Extracted data entries
★ ★ ★

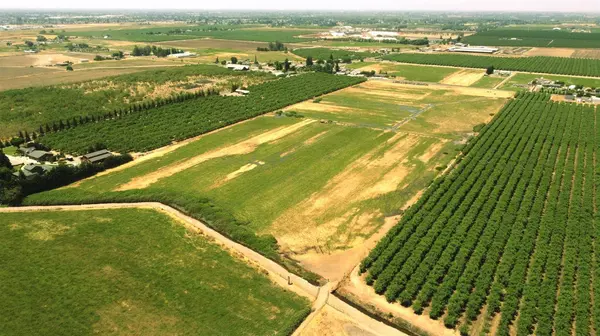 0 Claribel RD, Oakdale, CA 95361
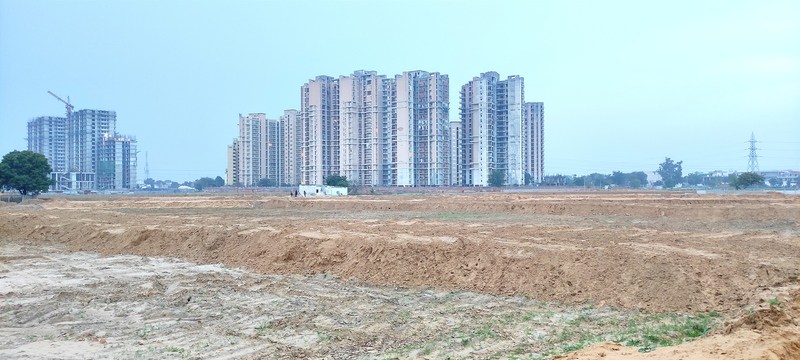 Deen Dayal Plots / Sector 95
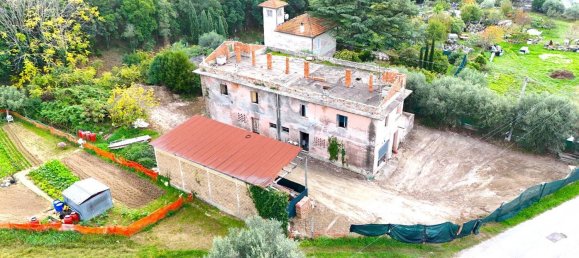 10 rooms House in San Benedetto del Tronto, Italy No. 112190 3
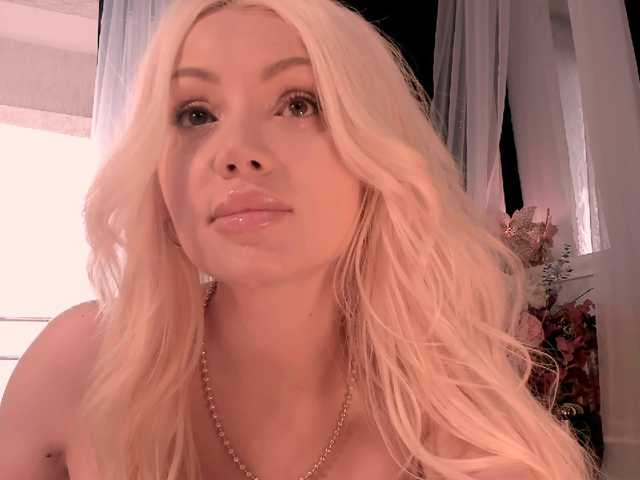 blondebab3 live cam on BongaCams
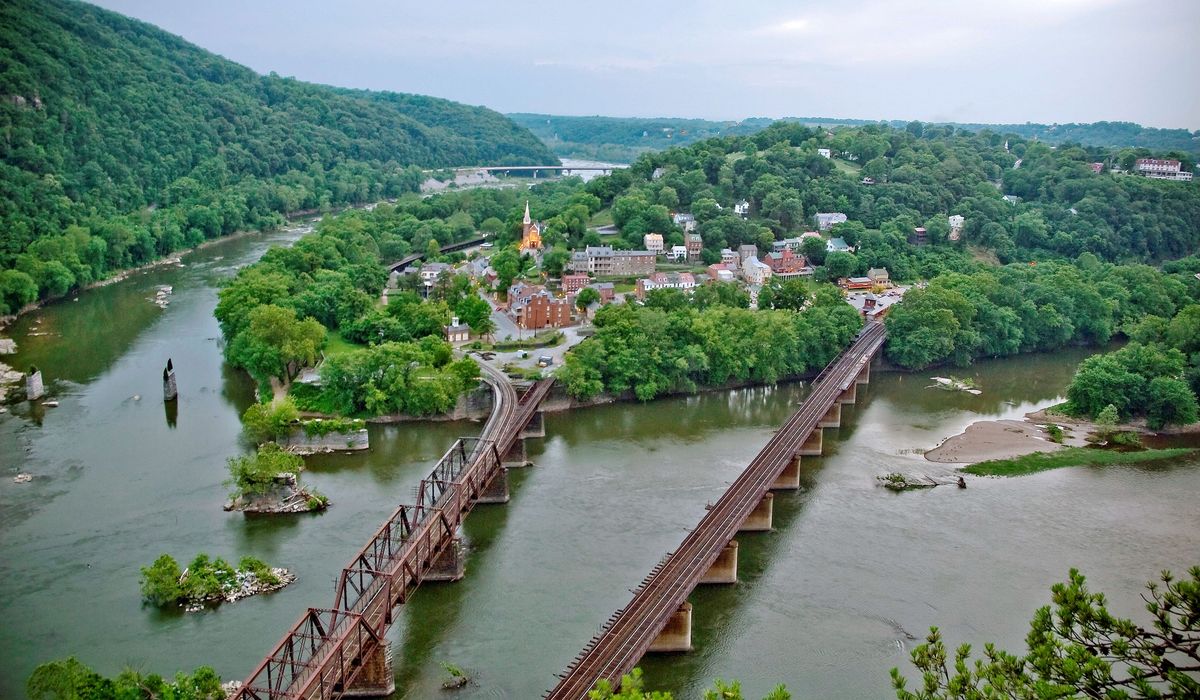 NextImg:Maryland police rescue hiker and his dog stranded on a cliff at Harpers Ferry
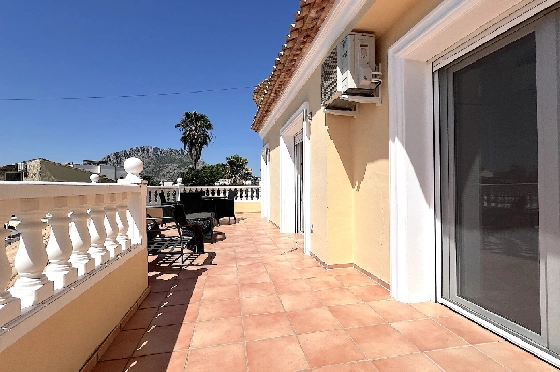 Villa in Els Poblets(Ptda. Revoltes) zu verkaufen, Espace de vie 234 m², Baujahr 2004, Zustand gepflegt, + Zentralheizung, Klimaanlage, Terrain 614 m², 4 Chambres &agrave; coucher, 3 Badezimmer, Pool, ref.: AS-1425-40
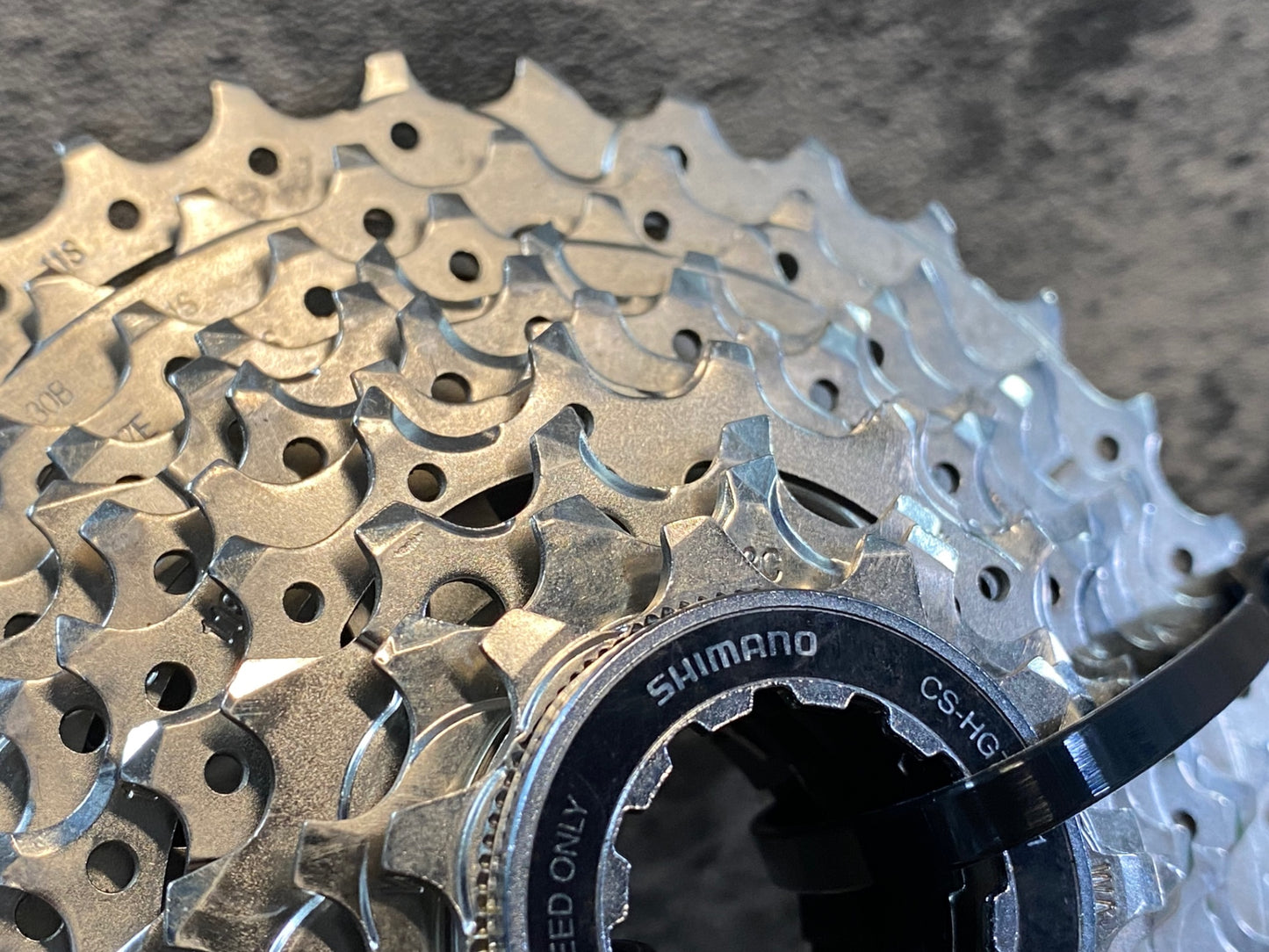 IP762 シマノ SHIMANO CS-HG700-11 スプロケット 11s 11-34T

★ ★ ★

• [WHAT YOU HAVE TO DO]: Give back the exact lines above, running from the one that has "blondebab3 live cam on BongaCams" through the one that has "NextImg:Maryland police rescue", with nothing added and no pictures.

• [SOLUTION BELOW]:
 blondebab3 live cam on BongaCams
 NextImg:Maryland police rescue hiker and his dog stranded on a cliff at Harpers Ferry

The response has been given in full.